As part of Open Access Week last month, Walter H. Curioso, M.D., M.P.H, Research Professor at Universidad Peruana Cayetano Heredia, talks about his views of open access and how it can help in developing countries
In other open access news, Denise Nicholson recently published her Tips for Developing Countries when reviewing Copyright Laws as part of the African Copyright & Access to Knowledge Project. Her recommendations include:
* … Do not include protection for non-original databases. (It had little or no positive impact for rightsholders in the EU and created problems for users)". Original databases are protected by copyright like any original work. …
* Promote Open Access, Open Source Software & Open Licensing (e.g. Creative Commons, etc.)
* Create and populate Open Access Institutional Repositories/Research Archives to showcase African research.
At a meeting on open access in agriculture, held at the International Centre for Crop Research for the Semi-Arid Tropics (ICRISAT), Hyderabad early September, Bruce Alberts, Editor-in-Chief or Science, called for open access to agricultural research in India to help drive development and reduce poverty. According to Alberts ‘Given that agriculture is a "critical component" of India’s science sector and that the country has a tremendous advantage in terms of diversity in agricultural science and practice, providing open access to agricultural research results could improve in national and state policymaking.’
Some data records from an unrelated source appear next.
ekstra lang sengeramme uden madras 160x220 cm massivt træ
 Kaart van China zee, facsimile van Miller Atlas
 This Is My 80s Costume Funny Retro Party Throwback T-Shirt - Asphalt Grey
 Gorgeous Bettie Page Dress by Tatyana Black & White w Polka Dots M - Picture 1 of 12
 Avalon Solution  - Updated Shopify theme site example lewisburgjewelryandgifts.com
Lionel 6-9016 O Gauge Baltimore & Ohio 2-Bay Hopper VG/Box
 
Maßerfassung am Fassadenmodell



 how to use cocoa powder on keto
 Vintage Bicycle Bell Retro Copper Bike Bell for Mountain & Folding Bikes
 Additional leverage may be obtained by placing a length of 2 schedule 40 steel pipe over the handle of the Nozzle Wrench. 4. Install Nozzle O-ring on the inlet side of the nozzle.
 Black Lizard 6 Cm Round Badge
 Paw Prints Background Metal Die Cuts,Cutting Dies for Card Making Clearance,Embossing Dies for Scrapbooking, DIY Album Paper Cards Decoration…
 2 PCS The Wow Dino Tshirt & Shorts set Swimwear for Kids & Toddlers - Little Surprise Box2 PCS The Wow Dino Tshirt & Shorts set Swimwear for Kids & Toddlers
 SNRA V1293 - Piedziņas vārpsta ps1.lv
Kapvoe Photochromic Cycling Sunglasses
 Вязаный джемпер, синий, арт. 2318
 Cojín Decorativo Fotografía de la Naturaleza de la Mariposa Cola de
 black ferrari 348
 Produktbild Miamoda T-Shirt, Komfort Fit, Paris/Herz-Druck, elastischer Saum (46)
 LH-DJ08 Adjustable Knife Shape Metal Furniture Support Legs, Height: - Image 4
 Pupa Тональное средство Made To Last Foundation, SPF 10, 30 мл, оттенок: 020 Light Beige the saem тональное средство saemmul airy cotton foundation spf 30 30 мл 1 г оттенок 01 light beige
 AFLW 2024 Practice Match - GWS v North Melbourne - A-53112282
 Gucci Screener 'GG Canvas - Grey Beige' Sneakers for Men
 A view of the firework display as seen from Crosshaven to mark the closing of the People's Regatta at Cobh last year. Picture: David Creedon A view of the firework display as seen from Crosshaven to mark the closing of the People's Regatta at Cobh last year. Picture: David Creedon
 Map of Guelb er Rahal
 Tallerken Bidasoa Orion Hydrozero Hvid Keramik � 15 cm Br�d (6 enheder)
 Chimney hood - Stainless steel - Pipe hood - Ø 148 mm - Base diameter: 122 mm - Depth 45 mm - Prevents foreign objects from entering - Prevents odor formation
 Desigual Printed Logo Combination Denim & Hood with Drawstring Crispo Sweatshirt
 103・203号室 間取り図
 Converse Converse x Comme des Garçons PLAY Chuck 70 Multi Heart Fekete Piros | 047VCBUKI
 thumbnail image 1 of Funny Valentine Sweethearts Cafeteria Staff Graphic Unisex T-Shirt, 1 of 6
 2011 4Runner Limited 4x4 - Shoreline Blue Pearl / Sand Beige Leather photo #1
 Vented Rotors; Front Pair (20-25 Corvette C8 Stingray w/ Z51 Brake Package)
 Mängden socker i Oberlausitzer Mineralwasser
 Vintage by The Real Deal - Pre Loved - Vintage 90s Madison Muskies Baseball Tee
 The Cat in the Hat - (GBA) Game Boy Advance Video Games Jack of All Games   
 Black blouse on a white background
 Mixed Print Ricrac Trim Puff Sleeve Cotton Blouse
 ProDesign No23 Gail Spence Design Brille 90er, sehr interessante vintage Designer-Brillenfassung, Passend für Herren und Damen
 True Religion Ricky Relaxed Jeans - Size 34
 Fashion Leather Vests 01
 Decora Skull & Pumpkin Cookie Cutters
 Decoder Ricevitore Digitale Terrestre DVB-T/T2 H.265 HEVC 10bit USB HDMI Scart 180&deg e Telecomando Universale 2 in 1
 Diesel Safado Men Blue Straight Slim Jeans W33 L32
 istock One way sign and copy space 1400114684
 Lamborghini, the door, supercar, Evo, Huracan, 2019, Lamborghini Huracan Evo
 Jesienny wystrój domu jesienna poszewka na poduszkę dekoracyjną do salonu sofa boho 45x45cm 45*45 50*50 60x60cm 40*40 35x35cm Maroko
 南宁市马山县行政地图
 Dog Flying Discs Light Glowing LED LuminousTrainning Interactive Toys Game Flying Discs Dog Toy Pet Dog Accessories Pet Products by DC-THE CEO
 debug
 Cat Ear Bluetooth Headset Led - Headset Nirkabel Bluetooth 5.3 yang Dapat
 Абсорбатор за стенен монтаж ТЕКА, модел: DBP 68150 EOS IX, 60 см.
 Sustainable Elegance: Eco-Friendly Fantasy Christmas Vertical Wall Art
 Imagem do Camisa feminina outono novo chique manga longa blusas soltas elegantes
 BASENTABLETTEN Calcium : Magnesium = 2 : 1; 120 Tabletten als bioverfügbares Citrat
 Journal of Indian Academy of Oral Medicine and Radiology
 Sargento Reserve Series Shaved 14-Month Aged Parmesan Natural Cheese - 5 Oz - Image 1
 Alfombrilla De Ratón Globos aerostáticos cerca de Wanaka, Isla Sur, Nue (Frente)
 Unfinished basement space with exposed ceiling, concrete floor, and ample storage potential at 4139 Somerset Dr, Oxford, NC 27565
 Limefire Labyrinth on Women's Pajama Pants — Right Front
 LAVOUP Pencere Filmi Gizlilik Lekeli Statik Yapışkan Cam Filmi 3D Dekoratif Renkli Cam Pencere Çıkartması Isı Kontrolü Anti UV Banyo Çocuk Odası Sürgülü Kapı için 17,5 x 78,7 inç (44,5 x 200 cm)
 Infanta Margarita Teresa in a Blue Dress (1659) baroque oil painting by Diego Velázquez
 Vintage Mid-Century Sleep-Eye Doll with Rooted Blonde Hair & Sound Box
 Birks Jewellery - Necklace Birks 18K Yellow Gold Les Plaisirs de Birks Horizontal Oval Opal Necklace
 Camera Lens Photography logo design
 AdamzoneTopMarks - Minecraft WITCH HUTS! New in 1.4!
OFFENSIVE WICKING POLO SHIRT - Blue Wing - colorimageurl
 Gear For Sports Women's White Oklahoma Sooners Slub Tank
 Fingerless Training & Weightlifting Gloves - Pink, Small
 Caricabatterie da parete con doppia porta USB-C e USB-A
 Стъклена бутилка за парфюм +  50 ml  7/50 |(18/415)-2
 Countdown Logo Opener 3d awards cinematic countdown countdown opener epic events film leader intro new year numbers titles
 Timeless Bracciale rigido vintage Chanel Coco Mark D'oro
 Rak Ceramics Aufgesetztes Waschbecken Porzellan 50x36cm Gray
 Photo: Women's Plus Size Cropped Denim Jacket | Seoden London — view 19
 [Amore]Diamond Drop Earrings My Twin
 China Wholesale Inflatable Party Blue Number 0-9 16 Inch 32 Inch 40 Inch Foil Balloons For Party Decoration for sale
In a comprehensive article recently published in the Times Higher Education Supplement, reporter Zoe Corbyn explores the pros and cons of open access, particularly in the developing world. In a blog piece entitled ‘Revisiting OA‘, Barbara Kirsop of the Electronic Publishing Trust emphasises the need for instutional repositories in the developing world, concluding:
"Without a strong research base, the poorer countries will forever depend on donations and will be unable to contribute their essential and unique knowledge to the world’s information pool."